Data below:
☆ ☆ ☆ ☆ ☆ ☆ ☆

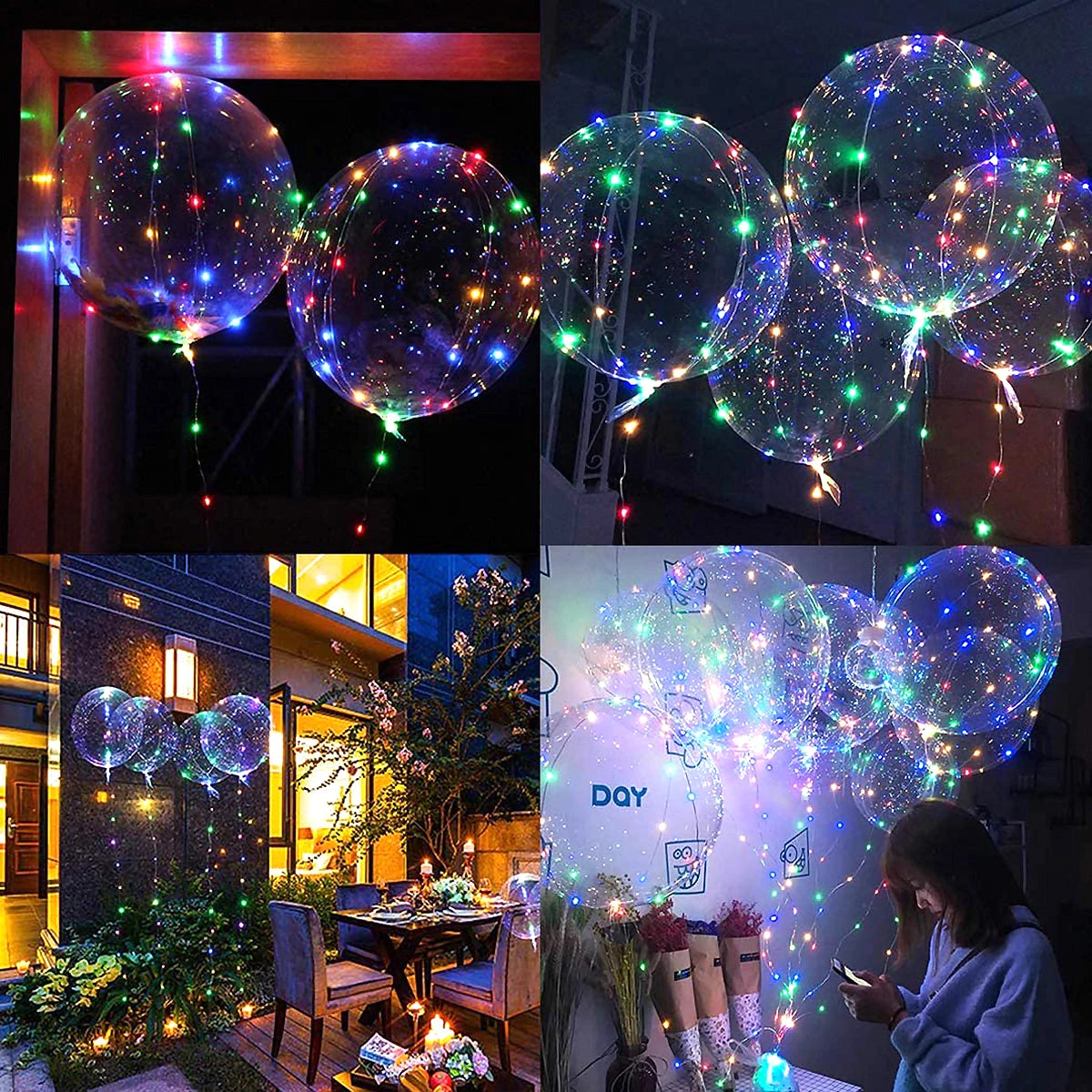 10Pcs LED Luminous Bobo Balloons con Cadena de Luces - Decoración para Fiestas, Bodas, Cumpleaños y Baby Shower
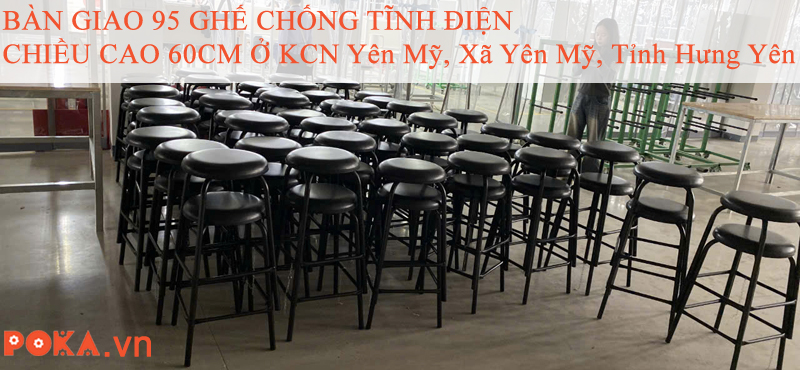 [ Hình Ảnh] Bàn giao 95 ghế chống tĩnh điện mặt đệm cao 60cm cho nhà máy điện tử KCN Yên Mỹ, Xã Yên Mỹ, Tỉnh Hưng Yên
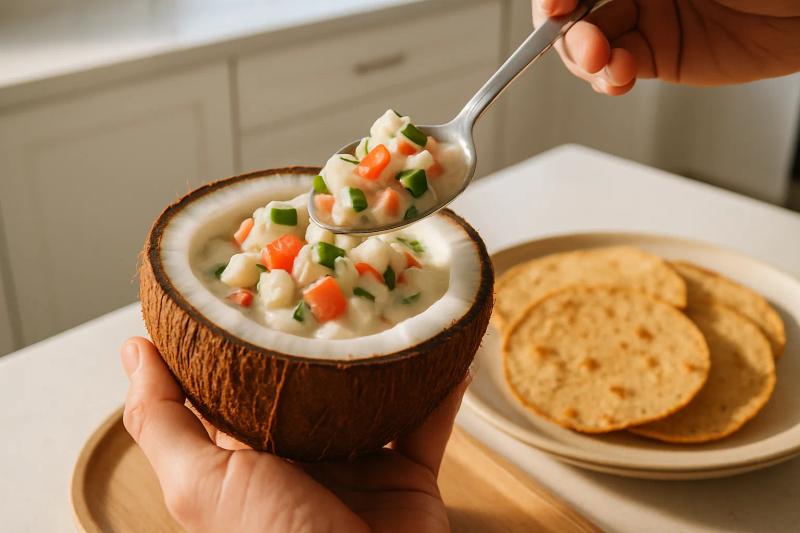 Paso 6 de Ceviche de Coco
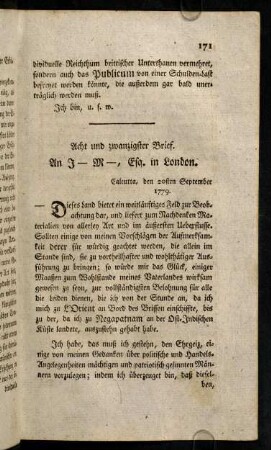 171-183, Acht und zwanzigster Brief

☆ ☆ ☆ ☆ ☆ ☆ ☆

Hand back exactly the lines from the one with "[ Hình Ảnh]" through the last line of the data above, both ends included, with every picture left out.

 [ Hình Ảnh] Bàn giao 95 ghế chống tĩnh điện mặt đệm cao 60cm cho nhà máy điện tử KCN Yên Mỹ, Xã Yên Mỹ, Tỉnh Hưng Yên
 Paso 6 de Ceviche de Coco
 171-183, Acht und zwanzigster Brief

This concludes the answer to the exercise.